OCR built for statements, not just text
A generic OCR API gives you a blob of text. A bank statement OCR API gives you *reconciled transactions* — because reading the characters is only half the job; the hard part is rebuilding the table so each amount lines up with the right date and description. FlowParse's `POST /api/v1/extract` does both: it recognises the text on a scanned page and reconstructs the statement structure, returning typed JSON instead of raw lines.

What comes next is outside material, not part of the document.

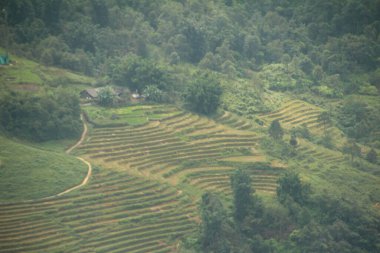 Vietnam 'daki pirinç tarlaları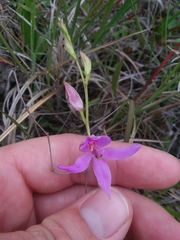 Calopogon pallidus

It's a hybrid by design. For a digital PDF it reads the embedded text geometry (no OCR error at all); for a scanned page or a photo it runs AI OCR; for a statement that mixes both it does each page the right way. You call one endpoint and the engine picks the method per page, so you never have to detect 'is this scanned?' yourself. For digital-first statements see the bank statement API; this page focuses on the scanned path.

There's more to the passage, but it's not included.